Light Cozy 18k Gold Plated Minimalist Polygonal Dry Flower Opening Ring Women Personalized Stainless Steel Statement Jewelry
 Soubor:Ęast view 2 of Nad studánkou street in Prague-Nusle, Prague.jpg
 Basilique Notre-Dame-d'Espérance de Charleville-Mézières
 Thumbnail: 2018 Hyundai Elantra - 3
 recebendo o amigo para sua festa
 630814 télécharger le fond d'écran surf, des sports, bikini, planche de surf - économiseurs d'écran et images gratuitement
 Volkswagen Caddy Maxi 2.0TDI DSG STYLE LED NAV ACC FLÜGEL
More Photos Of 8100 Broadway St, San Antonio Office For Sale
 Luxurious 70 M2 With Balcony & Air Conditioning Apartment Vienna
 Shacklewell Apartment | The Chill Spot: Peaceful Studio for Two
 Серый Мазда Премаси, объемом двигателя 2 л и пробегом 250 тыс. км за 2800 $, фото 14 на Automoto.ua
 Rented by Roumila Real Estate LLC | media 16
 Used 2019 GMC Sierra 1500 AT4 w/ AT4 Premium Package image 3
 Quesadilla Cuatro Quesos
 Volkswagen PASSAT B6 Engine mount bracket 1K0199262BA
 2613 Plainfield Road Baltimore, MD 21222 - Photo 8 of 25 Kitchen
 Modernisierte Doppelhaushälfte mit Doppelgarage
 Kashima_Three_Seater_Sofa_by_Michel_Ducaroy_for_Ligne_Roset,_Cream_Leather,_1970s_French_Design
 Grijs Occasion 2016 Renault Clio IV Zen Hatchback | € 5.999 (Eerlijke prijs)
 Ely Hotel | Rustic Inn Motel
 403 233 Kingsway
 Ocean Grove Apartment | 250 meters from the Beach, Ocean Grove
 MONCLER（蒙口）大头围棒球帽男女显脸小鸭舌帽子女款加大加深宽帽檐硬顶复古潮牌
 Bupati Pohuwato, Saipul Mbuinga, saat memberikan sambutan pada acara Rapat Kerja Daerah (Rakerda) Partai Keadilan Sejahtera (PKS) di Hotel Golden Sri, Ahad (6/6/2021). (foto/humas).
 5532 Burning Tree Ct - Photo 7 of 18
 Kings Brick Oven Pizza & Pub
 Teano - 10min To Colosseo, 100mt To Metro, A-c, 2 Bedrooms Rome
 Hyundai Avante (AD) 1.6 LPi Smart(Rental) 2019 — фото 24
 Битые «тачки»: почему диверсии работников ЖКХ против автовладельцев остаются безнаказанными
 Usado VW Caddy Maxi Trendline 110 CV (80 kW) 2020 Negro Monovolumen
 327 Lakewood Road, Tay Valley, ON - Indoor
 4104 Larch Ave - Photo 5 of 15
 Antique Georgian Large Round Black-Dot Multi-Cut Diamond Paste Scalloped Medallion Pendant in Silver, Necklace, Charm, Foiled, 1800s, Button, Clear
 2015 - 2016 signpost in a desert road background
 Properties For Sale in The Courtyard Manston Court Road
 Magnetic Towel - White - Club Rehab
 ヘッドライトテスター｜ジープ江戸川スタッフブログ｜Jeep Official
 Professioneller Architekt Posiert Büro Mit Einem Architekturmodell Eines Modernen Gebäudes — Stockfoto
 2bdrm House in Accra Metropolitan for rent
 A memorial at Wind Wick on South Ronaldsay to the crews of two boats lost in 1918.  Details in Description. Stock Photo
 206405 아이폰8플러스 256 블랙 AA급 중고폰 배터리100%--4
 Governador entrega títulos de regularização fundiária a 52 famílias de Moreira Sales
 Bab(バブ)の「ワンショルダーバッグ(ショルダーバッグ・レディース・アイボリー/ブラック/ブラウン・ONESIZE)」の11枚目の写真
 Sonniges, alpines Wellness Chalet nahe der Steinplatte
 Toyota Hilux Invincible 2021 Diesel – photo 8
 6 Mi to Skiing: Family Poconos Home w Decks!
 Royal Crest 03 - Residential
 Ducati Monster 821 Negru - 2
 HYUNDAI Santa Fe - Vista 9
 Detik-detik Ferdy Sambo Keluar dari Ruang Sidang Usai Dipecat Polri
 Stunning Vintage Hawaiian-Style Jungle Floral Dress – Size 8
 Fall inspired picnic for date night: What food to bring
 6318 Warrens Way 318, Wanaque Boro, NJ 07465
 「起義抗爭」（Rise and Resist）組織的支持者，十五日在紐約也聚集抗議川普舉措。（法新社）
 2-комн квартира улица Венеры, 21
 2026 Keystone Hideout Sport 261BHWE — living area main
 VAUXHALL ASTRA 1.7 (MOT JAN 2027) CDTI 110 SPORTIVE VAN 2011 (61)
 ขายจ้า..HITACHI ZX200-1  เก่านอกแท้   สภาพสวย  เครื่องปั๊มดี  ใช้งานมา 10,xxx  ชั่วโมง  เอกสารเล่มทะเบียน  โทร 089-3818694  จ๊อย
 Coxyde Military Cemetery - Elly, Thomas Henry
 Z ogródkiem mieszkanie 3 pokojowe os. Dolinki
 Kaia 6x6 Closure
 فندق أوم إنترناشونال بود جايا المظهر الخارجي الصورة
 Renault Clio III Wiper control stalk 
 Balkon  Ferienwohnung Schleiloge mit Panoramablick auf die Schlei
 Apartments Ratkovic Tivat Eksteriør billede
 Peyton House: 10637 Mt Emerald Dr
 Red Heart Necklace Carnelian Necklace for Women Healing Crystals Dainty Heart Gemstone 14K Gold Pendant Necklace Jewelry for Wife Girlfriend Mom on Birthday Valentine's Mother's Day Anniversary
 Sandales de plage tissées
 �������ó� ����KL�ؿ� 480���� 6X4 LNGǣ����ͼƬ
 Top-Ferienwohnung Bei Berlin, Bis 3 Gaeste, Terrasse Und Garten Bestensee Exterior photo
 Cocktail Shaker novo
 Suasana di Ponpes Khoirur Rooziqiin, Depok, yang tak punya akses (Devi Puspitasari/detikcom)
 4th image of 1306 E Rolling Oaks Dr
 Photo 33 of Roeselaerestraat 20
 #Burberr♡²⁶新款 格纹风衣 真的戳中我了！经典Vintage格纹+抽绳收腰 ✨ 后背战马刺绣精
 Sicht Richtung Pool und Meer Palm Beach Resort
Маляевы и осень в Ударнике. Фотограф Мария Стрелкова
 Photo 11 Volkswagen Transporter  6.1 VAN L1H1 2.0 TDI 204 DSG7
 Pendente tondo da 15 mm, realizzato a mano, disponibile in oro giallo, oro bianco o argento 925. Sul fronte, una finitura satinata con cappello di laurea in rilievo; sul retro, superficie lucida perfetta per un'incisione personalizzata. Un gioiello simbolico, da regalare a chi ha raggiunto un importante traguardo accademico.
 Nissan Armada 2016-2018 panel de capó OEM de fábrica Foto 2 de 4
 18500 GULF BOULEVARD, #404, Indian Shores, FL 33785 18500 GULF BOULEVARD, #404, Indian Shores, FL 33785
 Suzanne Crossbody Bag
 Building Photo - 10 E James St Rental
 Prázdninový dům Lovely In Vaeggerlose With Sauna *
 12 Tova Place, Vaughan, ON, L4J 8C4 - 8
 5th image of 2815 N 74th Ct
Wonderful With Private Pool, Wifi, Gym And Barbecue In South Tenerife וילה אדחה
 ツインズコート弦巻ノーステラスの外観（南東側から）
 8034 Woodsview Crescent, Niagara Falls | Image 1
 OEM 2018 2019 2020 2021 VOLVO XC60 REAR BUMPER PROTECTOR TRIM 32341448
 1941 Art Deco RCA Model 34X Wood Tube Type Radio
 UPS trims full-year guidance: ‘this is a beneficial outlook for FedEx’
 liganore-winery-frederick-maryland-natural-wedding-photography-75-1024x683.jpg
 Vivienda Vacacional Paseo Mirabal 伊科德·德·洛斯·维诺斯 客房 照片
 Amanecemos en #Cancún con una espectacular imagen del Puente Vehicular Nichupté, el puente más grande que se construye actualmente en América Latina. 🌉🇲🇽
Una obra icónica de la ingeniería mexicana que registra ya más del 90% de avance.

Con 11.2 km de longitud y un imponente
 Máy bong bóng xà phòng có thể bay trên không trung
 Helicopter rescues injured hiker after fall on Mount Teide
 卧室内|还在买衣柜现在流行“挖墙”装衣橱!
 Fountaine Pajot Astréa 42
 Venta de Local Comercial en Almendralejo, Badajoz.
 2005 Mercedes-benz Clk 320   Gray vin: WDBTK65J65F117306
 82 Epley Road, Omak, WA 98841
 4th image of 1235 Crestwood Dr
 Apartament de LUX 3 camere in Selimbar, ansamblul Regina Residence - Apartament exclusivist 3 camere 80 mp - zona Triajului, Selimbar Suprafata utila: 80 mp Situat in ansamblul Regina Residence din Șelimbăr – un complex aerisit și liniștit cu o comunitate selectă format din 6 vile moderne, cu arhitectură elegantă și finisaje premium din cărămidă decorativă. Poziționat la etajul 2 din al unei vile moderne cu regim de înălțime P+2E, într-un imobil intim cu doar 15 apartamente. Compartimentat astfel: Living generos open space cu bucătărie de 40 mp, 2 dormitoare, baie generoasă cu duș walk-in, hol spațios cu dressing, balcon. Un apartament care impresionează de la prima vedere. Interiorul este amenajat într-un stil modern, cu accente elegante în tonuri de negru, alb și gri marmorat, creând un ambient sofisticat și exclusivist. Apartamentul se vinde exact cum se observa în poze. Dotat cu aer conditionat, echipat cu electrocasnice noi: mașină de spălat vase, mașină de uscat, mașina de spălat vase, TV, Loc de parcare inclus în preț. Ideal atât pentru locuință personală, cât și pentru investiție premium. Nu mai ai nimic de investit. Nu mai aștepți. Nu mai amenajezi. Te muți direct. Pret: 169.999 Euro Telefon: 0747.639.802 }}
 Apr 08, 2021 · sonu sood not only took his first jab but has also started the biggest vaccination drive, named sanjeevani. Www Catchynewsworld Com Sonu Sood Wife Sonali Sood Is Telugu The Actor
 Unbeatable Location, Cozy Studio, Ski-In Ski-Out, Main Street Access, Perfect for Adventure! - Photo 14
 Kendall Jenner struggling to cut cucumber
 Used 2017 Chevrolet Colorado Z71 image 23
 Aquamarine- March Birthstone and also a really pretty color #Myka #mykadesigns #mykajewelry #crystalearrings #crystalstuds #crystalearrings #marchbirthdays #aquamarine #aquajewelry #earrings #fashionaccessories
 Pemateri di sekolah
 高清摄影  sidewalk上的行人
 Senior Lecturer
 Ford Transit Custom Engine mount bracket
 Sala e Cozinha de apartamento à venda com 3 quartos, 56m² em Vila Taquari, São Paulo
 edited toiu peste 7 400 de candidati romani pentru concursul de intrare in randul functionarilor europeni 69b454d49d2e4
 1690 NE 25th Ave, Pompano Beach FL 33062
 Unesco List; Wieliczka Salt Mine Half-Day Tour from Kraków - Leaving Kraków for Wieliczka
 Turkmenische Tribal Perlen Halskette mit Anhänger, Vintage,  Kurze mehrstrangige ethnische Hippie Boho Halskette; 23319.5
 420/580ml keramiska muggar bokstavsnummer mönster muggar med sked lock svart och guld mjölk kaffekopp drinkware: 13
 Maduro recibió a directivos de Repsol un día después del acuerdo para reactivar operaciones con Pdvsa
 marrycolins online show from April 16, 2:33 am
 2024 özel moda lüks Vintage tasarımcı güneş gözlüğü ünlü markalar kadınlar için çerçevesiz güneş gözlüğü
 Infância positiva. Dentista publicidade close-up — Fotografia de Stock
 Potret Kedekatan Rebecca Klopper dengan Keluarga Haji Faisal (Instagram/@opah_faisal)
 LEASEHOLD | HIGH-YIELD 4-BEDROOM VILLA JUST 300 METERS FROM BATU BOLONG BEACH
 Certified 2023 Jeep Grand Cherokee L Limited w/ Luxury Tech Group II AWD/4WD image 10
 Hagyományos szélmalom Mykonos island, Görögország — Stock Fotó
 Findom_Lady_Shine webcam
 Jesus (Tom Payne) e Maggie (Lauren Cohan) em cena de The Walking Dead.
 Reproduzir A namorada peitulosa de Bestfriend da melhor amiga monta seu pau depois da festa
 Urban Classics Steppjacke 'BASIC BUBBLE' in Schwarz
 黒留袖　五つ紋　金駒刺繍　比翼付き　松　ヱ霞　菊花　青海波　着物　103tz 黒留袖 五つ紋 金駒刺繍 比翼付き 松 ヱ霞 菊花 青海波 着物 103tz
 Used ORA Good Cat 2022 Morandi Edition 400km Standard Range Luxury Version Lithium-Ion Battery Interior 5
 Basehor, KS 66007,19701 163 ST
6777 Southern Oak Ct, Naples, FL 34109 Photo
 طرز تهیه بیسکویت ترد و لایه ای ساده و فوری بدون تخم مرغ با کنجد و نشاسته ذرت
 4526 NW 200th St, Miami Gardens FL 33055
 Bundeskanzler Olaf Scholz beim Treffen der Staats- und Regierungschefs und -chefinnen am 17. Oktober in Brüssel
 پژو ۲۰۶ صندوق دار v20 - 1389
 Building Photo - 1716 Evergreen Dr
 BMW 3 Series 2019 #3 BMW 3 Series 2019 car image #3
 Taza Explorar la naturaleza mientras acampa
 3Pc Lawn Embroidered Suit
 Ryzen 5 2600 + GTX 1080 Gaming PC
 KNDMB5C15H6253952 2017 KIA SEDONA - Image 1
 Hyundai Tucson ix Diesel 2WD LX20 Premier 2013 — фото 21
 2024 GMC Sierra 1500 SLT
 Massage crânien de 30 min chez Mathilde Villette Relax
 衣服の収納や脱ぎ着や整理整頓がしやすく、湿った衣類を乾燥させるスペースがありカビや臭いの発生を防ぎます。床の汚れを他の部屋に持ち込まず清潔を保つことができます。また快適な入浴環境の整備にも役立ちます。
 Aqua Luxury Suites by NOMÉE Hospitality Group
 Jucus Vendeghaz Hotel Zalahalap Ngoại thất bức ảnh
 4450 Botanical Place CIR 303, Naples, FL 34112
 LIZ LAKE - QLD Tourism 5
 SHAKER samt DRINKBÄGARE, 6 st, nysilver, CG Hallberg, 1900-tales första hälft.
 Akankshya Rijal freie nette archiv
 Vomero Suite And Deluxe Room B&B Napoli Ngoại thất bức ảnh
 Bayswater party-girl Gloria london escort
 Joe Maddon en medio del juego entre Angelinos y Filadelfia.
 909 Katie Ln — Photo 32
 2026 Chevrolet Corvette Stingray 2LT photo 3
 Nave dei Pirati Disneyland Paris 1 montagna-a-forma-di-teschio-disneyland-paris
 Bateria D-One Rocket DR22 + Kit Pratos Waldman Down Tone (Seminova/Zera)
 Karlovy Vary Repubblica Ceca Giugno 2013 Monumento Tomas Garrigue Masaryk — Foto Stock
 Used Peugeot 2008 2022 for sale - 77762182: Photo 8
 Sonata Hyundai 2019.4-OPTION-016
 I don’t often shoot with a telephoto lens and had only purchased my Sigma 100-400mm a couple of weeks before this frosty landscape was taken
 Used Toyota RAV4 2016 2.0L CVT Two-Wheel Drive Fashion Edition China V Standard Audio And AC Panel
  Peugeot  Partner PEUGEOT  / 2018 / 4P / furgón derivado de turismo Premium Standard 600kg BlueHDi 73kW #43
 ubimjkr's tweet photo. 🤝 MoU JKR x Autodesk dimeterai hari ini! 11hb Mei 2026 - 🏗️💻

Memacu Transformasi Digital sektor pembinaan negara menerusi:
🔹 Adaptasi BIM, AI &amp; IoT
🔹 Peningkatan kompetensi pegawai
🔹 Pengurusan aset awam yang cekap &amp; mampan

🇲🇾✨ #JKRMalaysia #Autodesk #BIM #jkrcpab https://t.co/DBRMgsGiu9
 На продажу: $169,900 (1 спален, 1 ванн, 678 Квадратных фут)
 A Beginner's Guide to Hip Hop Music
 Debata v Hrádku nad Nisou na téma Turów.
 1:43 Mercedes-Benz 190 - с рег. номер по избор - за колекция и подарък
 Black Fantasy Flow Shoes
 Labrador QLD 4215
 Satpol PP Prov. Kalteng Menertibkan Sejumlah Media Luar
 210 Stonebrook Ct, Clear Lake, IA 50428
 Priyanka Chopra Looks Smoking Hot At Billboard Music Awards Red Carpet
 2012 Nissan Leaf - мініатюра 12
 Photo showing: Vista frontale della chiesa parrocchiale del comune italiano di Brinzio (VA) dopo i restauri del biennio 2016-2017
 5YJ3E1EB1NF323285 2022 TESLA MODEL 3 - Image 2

» Exercise goal
Could you find every line in the records above that contains the word "Ferienwohnung" and copy it?

» Answer to this problem
 Balkon  Ferienwohnung Schleiloge mit Panoramablick auf die Schlei
 Top-Ferienwohnung Bei Berlin, Bis 3 Gaeste, Terrasse Und Garten Bestensee Exterior photo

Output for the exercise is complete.